Las obras públicas en Colombia, que hacen parte de los países “subdesarrollados” o “en desarrollo”, han tenido varias etapas de características diversas, casi ninguna favorable. Después de proclamar la independencia de España, cuyo bicentenario se celebrará el próximo 7 de agosto, comenzó una etapa de consolidación de la República, caracterizada por los palos de ciego de políticos inexpertos, dados a resolver las diferencias entre ellos por medio de las armas, de espaldas al conocimiento, a la experiencia de naciones consolidadas y a la razón.
En obras públicas no había tiempo para pensar desde el gobierno central. Y en las provincias, lo poco que se hacía era de iniciativa privada. El capitalismo invertía en caminos, puentes y demás y como compensación se le otorgaba el disfrute de peajes por tiempos determinados. Todo sectorizado en la escarpada y dispersa geografía del país, sin coherencia ni integración nacional, al vaivén de intereses particulares y políticos. Así transcurrió todo el siglo XIX.
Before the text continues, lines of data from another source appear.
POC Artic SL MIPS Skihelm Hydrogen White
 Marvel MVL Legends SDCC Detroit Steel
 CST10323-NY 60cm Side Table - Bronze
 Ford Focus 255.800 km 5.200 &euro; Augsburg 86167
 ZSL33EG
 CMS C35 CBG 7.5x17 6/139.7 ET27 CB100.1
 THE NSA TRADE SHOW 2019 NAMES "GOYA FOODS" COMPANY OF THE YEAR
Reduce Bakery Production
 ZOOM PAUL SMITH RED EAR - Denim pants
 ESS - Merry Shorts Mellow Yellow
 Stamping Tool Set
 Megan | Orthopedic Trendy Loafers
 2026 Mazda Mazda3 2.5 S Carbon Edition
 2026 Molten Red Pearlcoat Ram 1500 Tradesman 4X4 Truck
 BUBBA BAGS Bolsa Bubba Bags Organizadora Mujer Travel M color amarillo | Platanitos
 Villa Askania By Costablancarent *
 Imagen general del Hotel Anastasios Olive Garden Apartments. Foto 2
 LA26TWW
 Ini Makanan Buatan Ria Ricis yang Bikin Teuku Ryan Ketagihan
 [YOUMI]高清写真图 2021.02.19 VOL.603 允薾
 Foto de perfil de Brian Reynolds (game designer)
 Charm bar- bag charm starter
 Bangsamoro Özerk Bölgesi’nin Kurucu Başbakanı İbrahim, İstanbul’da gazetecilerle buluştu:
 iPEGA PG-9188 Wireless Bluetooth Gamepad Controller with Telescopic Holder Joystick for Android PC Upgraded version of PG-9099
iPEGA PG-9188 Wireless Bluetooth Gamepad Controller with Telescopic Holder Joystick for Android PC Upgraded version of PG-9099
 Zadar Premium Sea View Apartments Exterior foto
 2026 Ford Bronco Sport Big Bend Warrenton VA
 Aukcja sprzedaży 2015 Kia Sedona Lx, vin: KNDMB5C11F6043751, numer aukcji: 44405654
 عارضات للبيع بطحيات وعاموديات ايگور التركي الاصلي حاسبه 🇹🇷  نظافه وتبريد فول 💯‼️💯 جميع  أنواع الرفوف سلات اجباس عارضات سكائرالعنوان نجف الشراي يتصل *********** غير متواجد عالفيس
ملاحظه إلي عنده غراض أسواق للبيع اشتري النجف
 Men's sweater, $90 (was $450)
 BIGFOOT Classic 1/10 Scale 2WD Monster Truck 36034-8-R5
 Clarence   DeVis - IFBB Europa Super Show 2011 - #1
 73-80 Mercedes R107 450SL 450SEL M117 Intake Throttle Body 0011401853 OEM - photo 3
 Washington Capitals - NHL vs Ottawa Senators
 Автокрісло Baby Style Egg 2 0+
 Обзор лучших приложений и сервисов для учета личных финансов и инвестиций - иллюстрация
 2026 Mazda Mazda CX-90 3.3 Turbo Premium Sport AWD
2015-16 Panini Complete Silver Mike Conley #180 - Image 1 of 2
A comienzos del XX, en medio de la modorra conservadora-clerical, más retórica que pragmática, surgieron ideas progresistas de mandatarios lúcidos (Apenas dos: Rafael Reyes y Pedro Nel Ospina), como construir un sistema ferroviario que integrara con eficiencia al país, en lo que se invirtió parte de la indemnización que pagó Estados Unidos por el raponazo de Panamá; y se creó una empresa aérea comercial, que permitió decir que “Colombia había pasado de la mula al avión”. Así arrancaron los flamantes Ferrocarriles Nacionales de Colombia, fraccionados en ramales, con hermosas estaciones de estilo republicano y eficientes servicios de carga y pasajeros.
La plata entraba en abundancia y en efectivo, lo que les abrió los ojos a los políticos y al sindicato. Los primeros, nombraban administradores ineficientes con títulos de abogados, para desempeñar cargos técnicos. Los equipos dañados no se reparaban; y los repuestos se importaban y no se nacionalizaban, para que terminaran oxidándose en las bodegas del puerto de Buenaventura; y las máquinas y vagones se arrumaban en los patios de Chipichape, en Cali, como en un cementerio de chatarra. Y el sindicato presentaba cada año pliegos de peticiones absurdos, como disponer que los trabajadores se jubilaran con 20 años de trabajo a cualquier edad. Al final, los ferrocarriles tenían 6.000 trabajadores activos y 12.000 pensionados, algunos con 36, 38 o 40 años. Cuando la empresa colapsó definitivamente, se culpó al ministro de Obras Publicas de turno; y del desgreño administrativo y de la corrupción nadie dijo nada. Ni del sindicalismo voraz e irracional. Ahora se intenta revivir en Colombia el sistema ferroviario, arrancando de ceros. Y por los más de 50 años perdidos ¿quién responde?